When we arrived at his slick boutique hotel in Beverly Hills, I told him I wanted to shower and stepped into the large, white bathroom. Closing the door behind me, I took a deep breath. I watched my reflection in the mirror as I undressed. Naked, except for the tan Scar Away bandage covering my abdomen, I took another deep breath and peeled the silicone strip away from my body, exposing the thin, pink line. I stood there looking at the body reflected back at me, at my swollen abdomen and the scar that I had been monitoring daily for signs of improvement. I stared into my own eyes, seeking reassurance. You're stronger than you look.
"We need to take it slow,” I told him. I didn't know how I would feel or how much my body could handle. He was respectful and kept checking in with me to see if I was okay, and I was. "You have a great body,” he said. "Really?” I asked. I wanted to protest—but the scar, the swelling. He cut me off before I could argue and I let the compliment land on my skin, on my abdomen, and hips. "Your scar is cool,” he said. He didn't say, "It's not that bad,” or, "It'll fade,” or "It doesn't matter.” He said it was cool. He didn't treat me like I was broken. He treated me like a person, an attractive person—inside and out.
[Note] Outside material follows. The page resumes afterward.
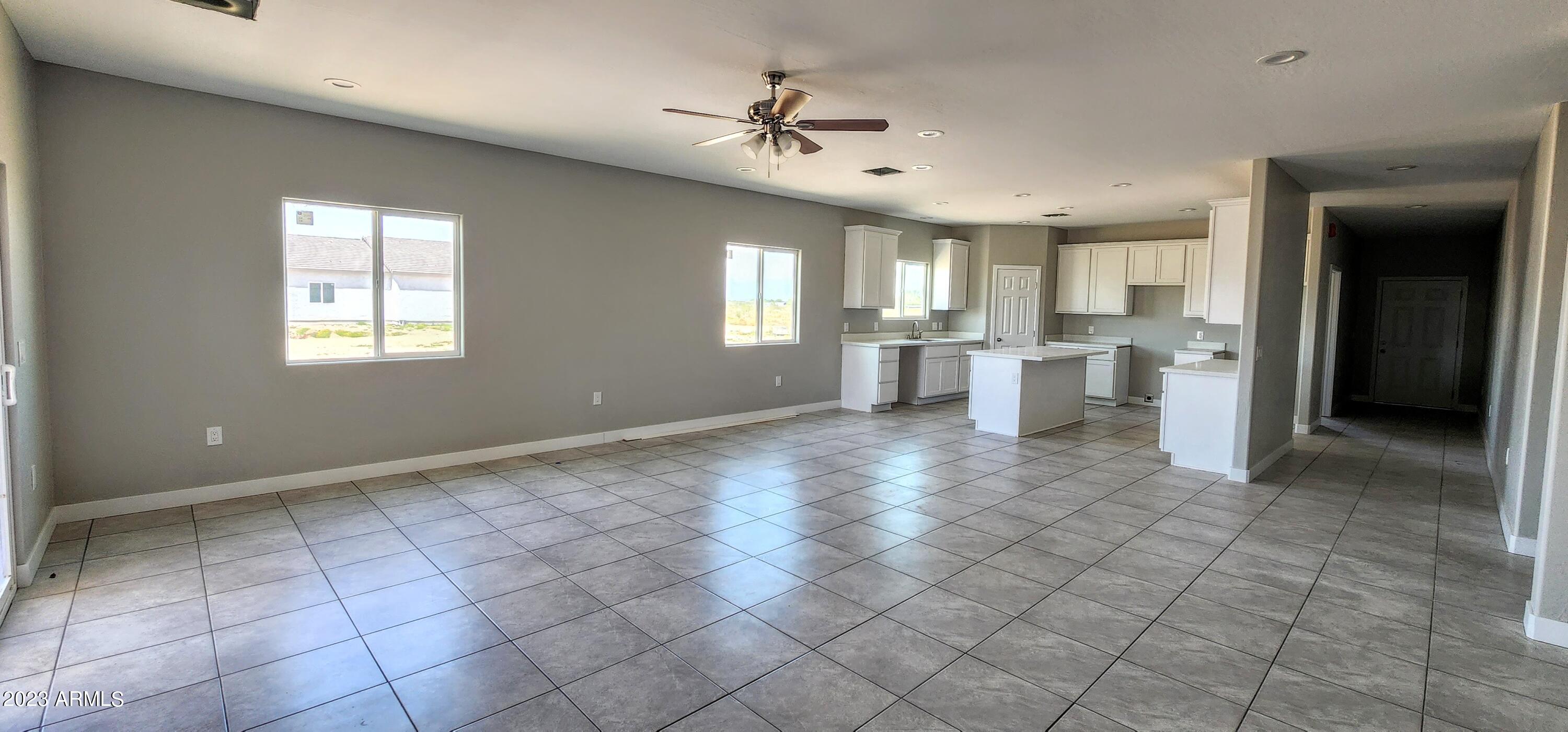 Photo 9 of 31 of 20411 W MOUNTAIN SAGE Drive house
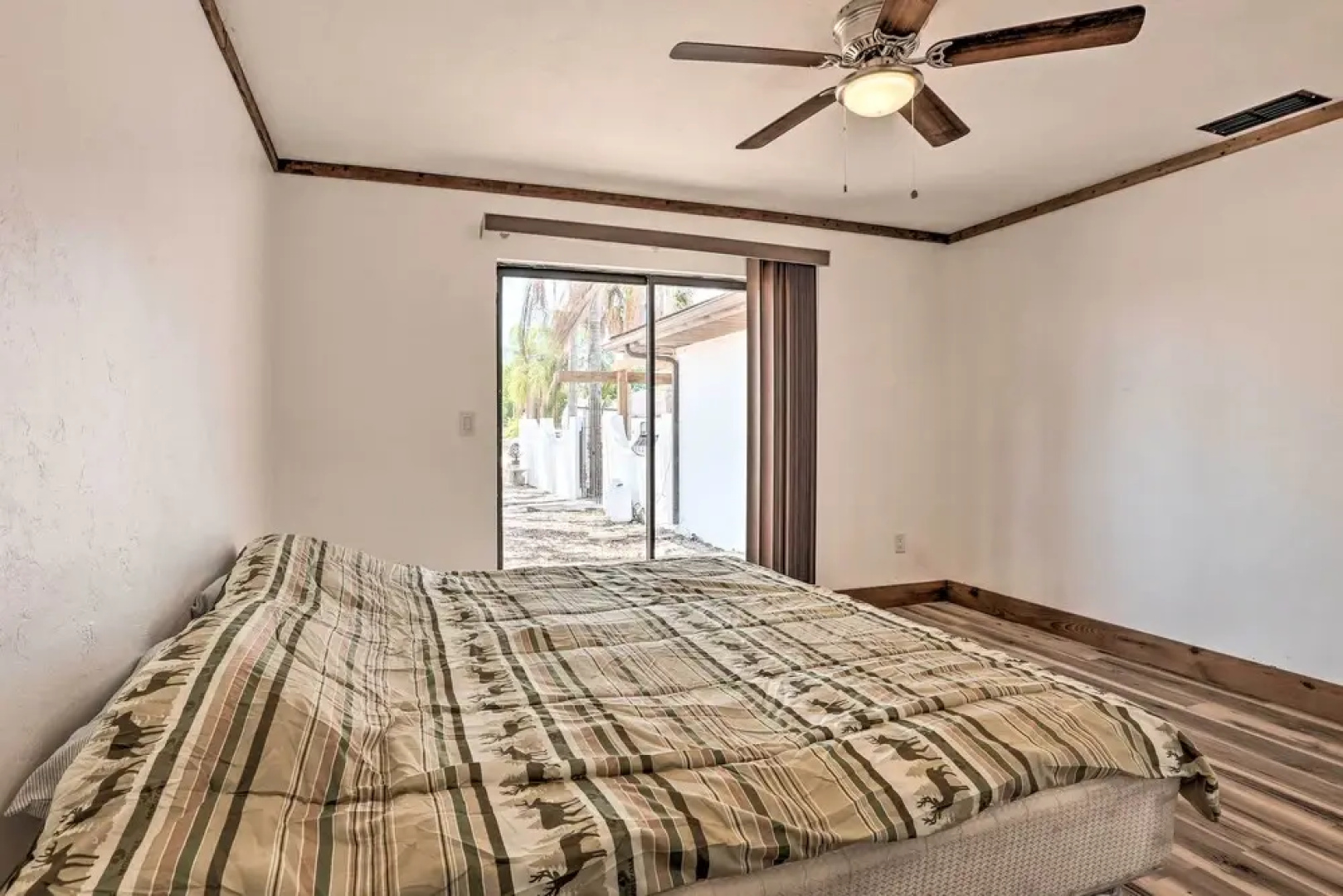 Pet-friendly 'raceway Ranch' w/ Patio & Grill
I'd spent so much time worrying about being vulnerable with someone new, but the experience was empowering. It was liberating, letting go of the idea that I needed to look a certain way in order to be seen.
The next time I stood naked in front of the bathroom mirror, I felt different. I noticed I was smiling. The scar would continue to heal, and so would I—but I didn't hate it anymore. It no longer seemed like a flaw, but a battle scar, a proud reminder of my strength and resilience. I'd been through something traumatic and survived. I'd been so focused on the hurt that I hadn't been able to recognize and appreciate my body's amazing capacity to heal.